Cette indication n’est pas donnée au hasard ; elle fait allusion au Jeudi Saint, institution de l’Eucharistie, quelques jours avant la Pâque. Pensons à ce sujet que lorsque nous disons dans la prière du Notre Père « Donne-nous aujourd’hui notre pain de ce jour », nous demandons deux choses : que chacun puisse manger à sa faim mais aussi que chacun puisse recevoir le Pain supersubstantiel, comme dit l’adjectif grec επίουσίον, c’est-à-dire le pain, traduction partielle, quotidien, qui est en fait le Pain de Vie.
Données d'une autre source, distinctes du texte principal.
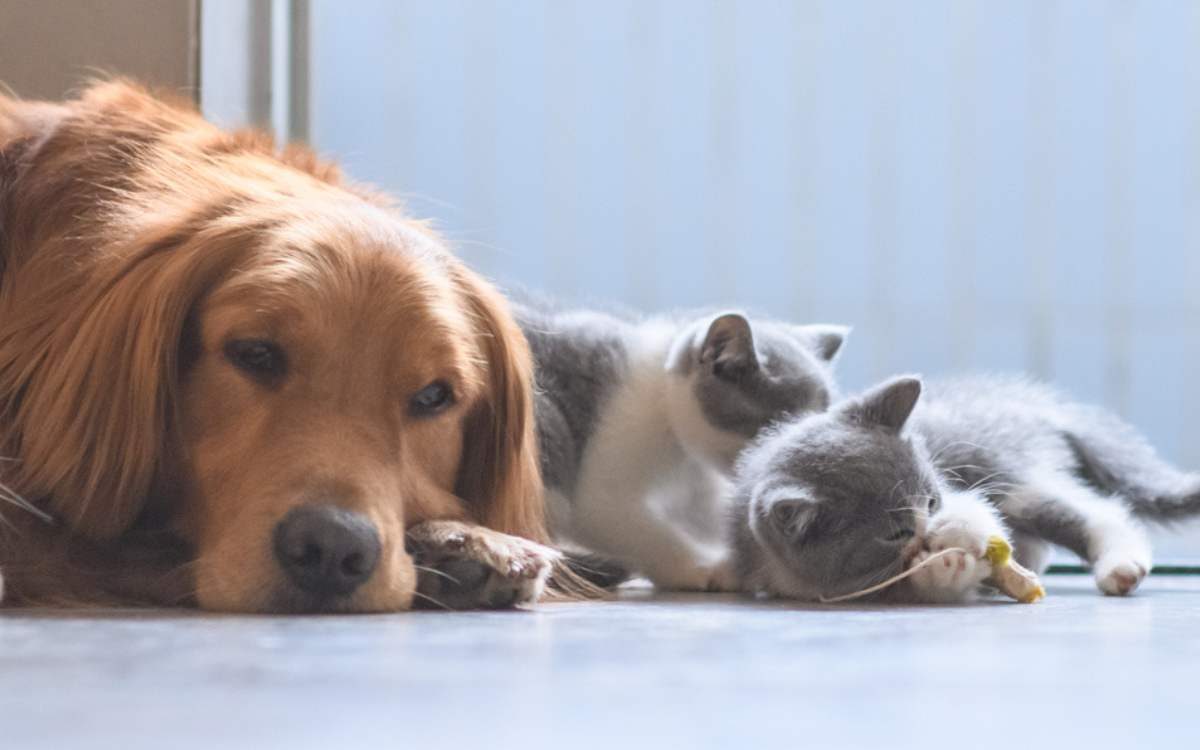 Senior golden retriever's 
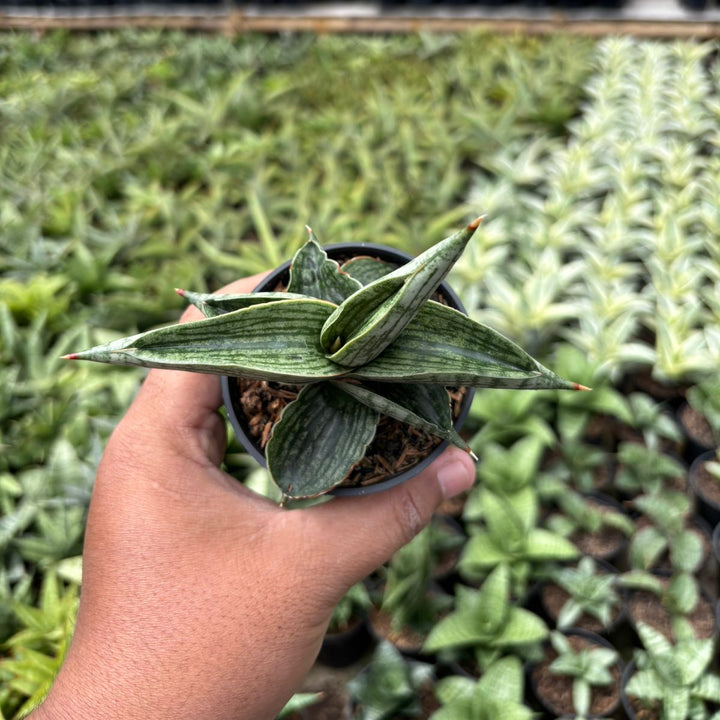 SA38 Sansevieria macho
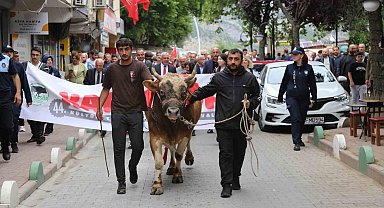 44. Kafkasör Festivali boğalı kortej yürüyüşüyle başladı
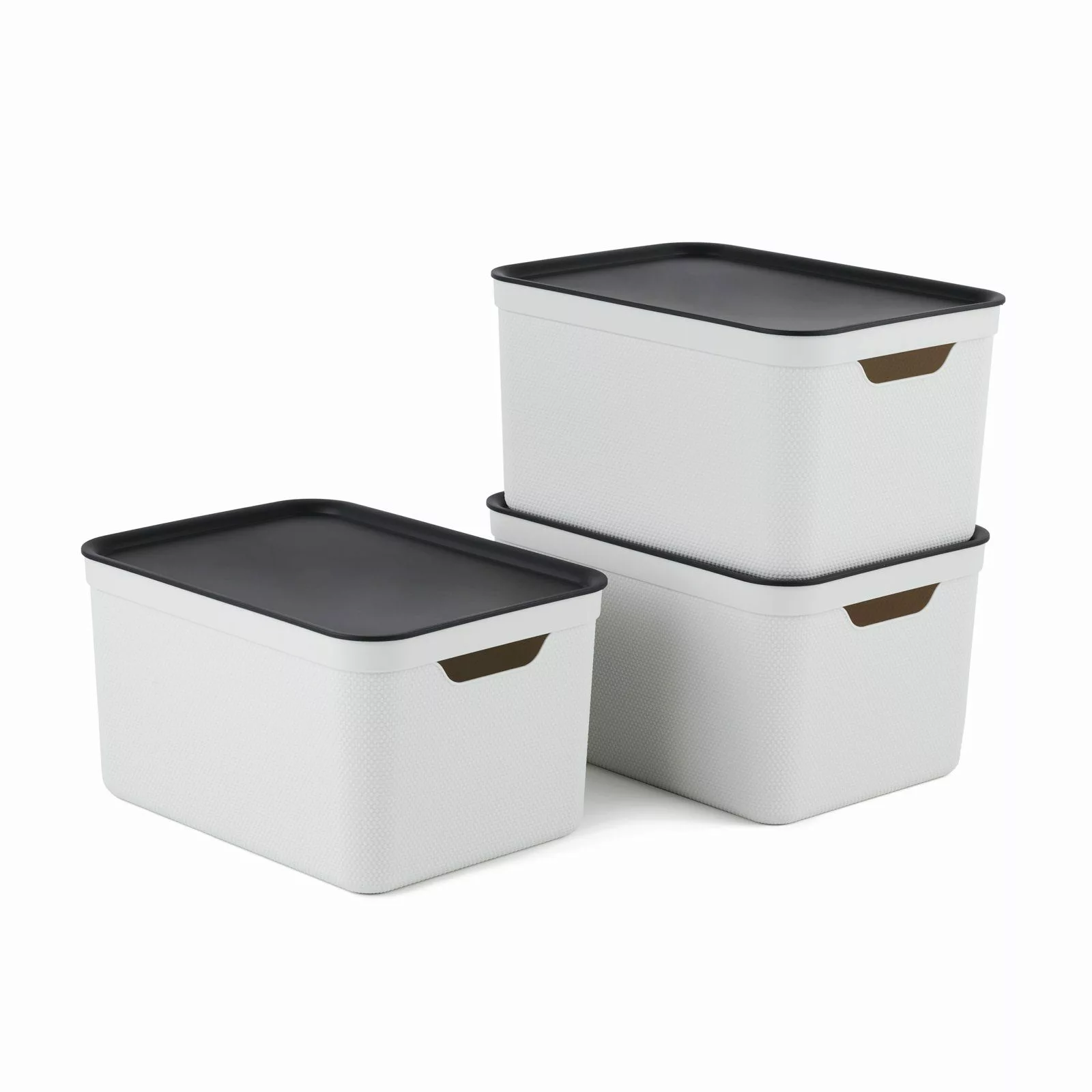ROTHO Aufbewahrungsbox 3er- Set Aufbewahrungskorb 16l günstig online kaufen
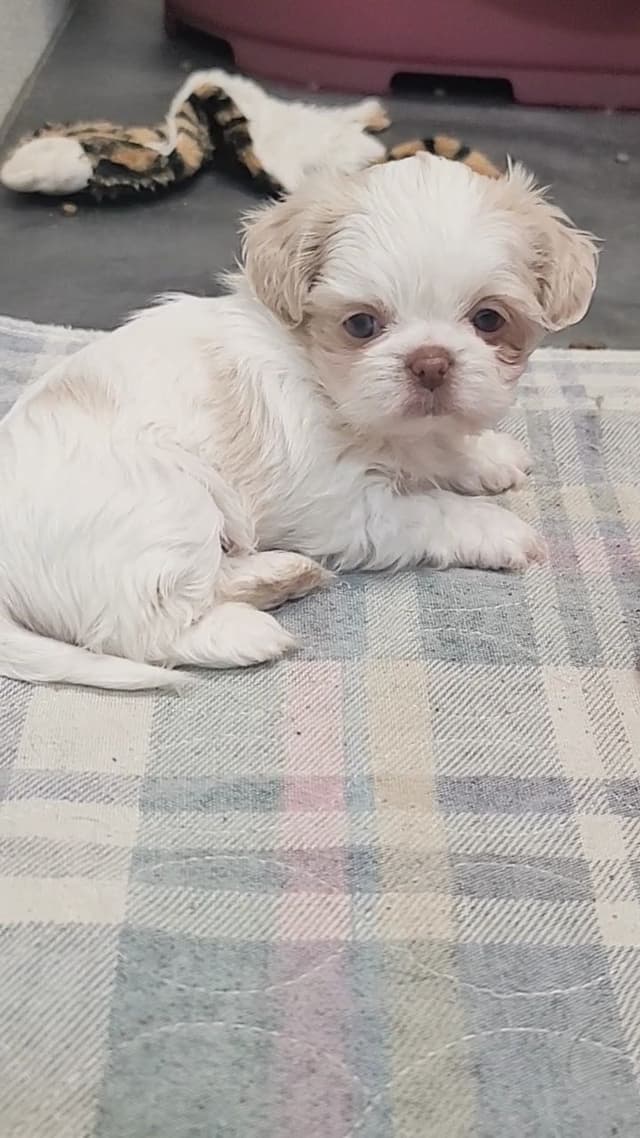Shih Tzu Puppies media 4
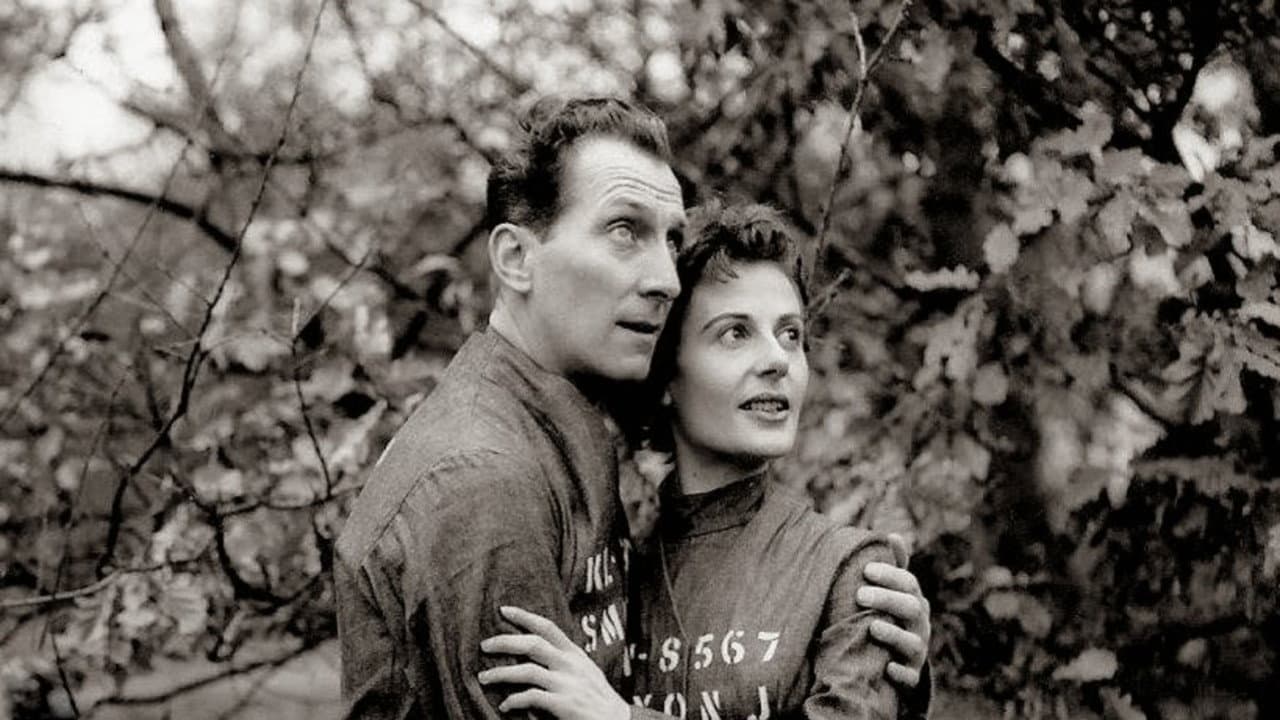 Backdrop – Nineteen Eighty-Four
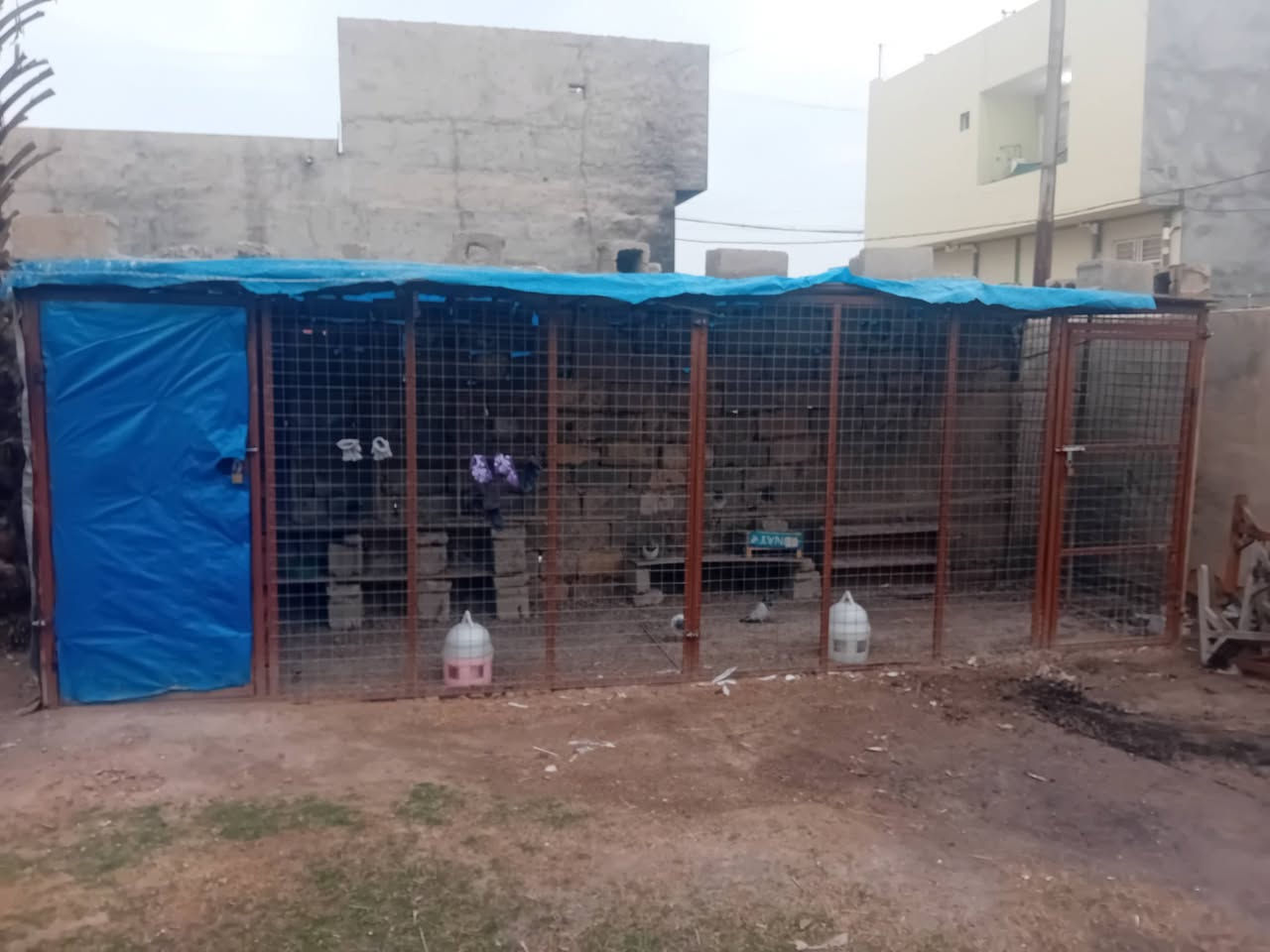 سلام عليكم شباب متاح قفص عرض ٦متر واجهتين كل واجهه ٣متر يتفصخ وينشد براغي رتفاع ٢ متر عرض ١٧٥ سعر ٢٠٠ الف بي مجال شراي يجي خاص او يتصل *********** مكاني سامراء
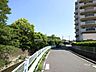 その他：敷地の東側前面道路（北側から）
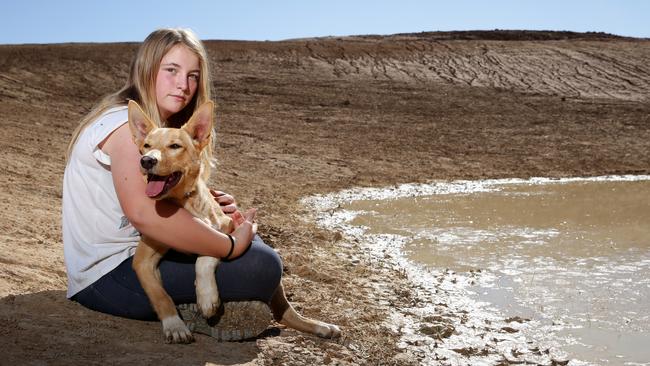 Charlotte Darcy, 15, on the family farm in Tullamore with their dog J at one of their many empty dams. The dam was desilted of 18 feet of mud last December in the hopes it would fill when it finally rains, instead a foot of mud is all it holds. Picture: Jonathan Ng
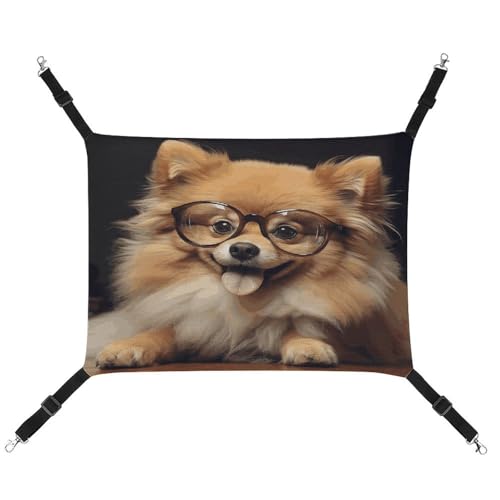 MNVTSKOP Pomeranian Hunde-Hängematte mit Brille, atmungsaktiv, Katzenhängematte mit verstellbaren Riemen und Metallhaken, Plüsch, kleines Tier, weiches Versteckbett für drinnen und draußen MNVTSKOP Pomeranian Hunde-Hängematte mit Brille, atmungsaktiv, Katzenhängematte mit verstellbaren Riemen und Metallhaken, Plüsch, kleines Tier, weiches Versteckbett für drinnen und draußen von MNVTSKOP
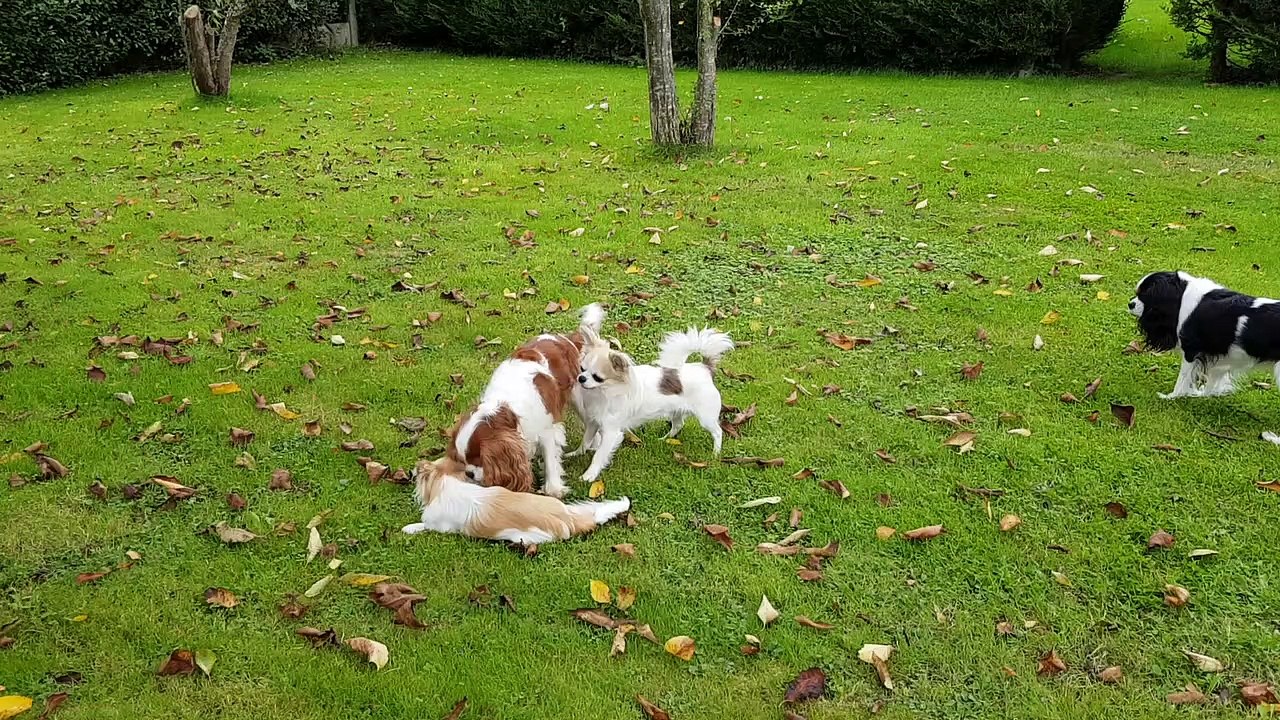 Jeux à 3 au jardin suite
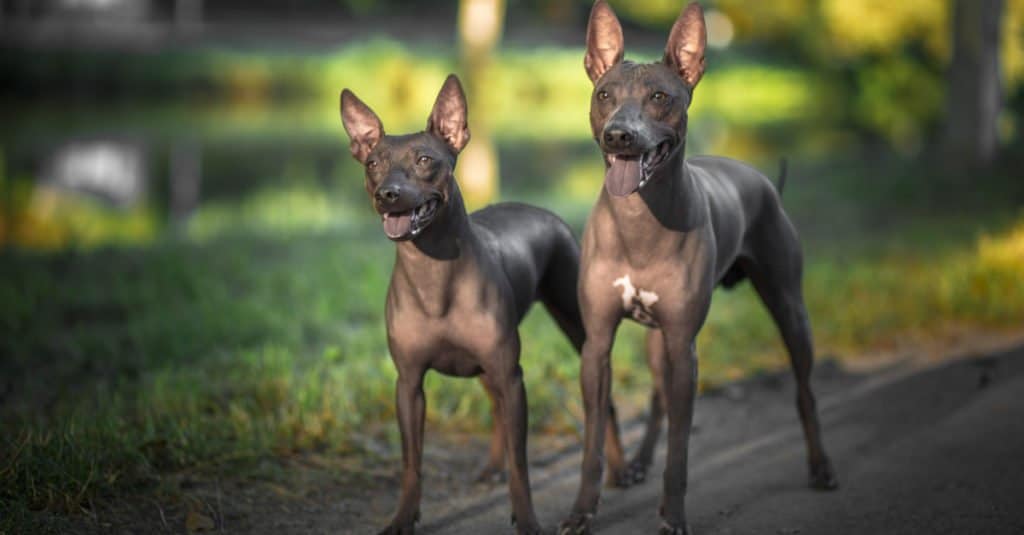 where do hairless dogs come from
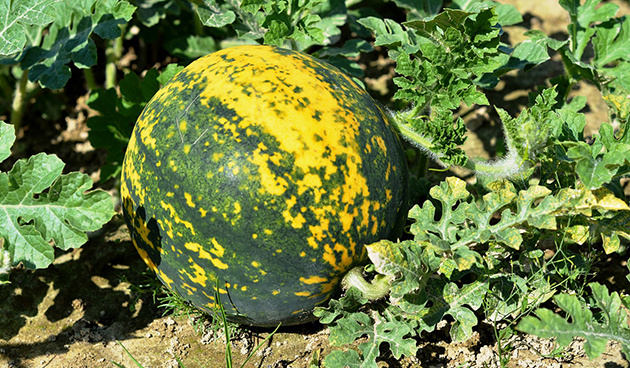    Фото: pixabay.com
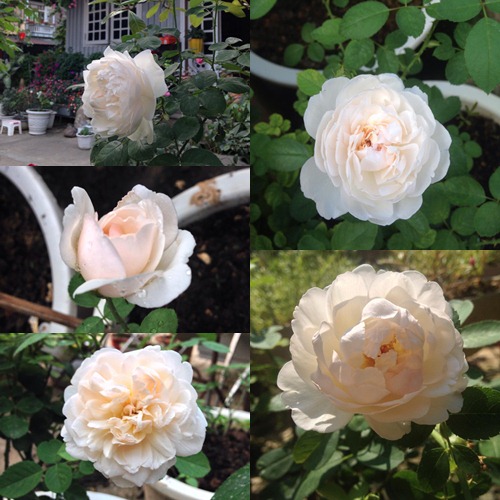 Vườn hồng đẹp như tranh của cô giáo Hà Giang - 11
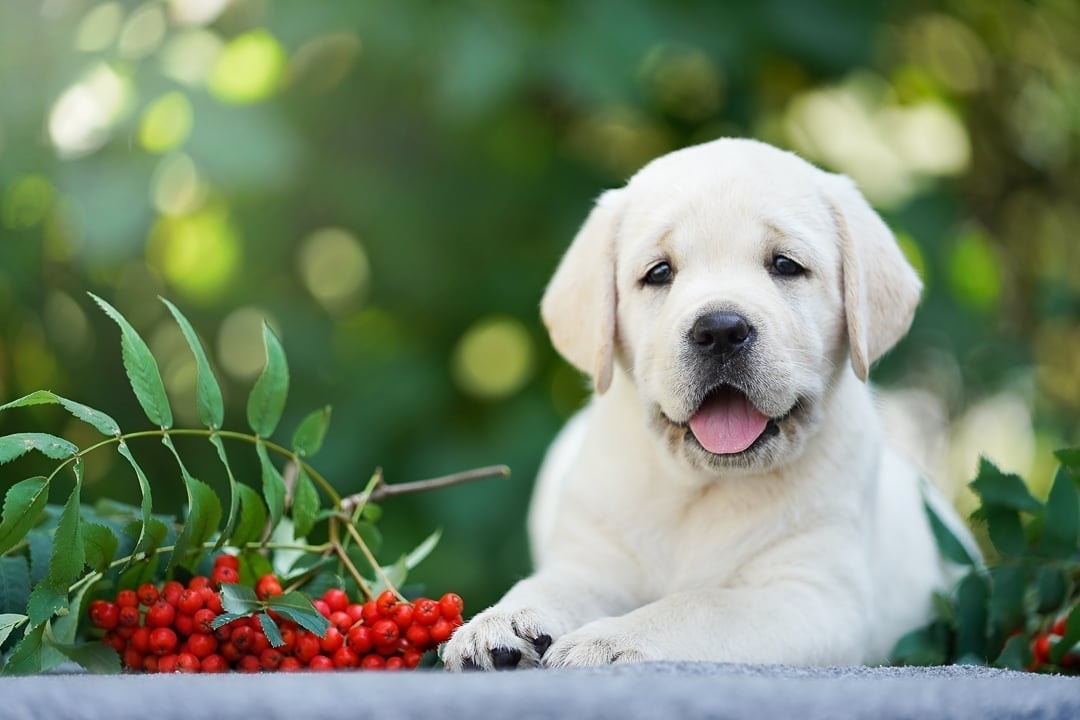 Фото: Помёт от GABRIELLA (A)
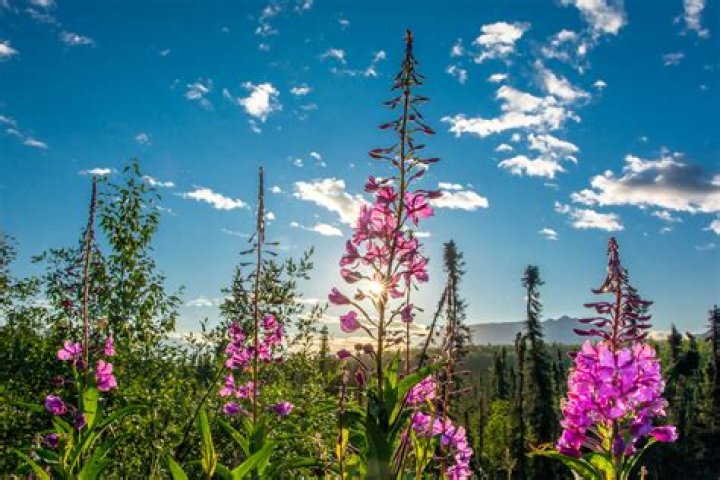 Where does Fireweed grow in Alaska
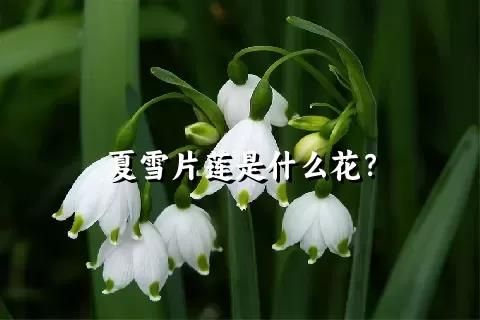 夏雪片莲是什么花？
Dans cette lecture eucharistique que nous faisons de ce passage d’Évangile, nous voyons que Jésus fait volontairement participer ses disciples au miracle qu’il accomplit. Jésus aurait pu opérer tout seul ; Il ne procède pas ainsi. Il rend ses disciples participants de son action et sollicite également la participation de la foule. Il veut que ses disciples se préoccupent de ce problème : « Il dit à Philippe : Où pourrions-nous acheter du pain pour qu’ils aient à manger ? ». Puis c’est un autre disciple, André, qui va trouver le jeune garçon avec 5 pains et 2 poissons. Autrement dit, Jésus rend tout le monde participant du miracle qu’Il va accomplir. Tout le monde y a sa place et tout le monde a quelque chose à faire. Ces remarques nous montrent la pédagogie du Salut de Dieu. Bien sûr, Dieu peut nous sauver sans nous : sa toute-puissance le Lui permet. Mais, Il nous sauve en nous rendant acteur de notre salut et de celui de nos frères et sœurs. « Aide-toi et le Ciel t’aidera ! », vous connaissez tous ce proverbe. Dieu ne fait jamais les choses à notre place ; Il nous aide, Il les fait, mais à condition que nous collaborions et que nous participions, aussi peu cela soit-il. Derrière la collaboration des disciples que Jésus suscite, il y a aussi l’image de l’Église à qui Jésus demande d’accueillir les préoccupations des hommes de ce monde, mais aussi à qui Il donne la mission de répondre et donner ce Pain de Vie. Les disciples participent au miracle, ramassent le surplus et le conservent, image de l’Église qui donne sans compter et administre le sacrement de l’Eucharistie.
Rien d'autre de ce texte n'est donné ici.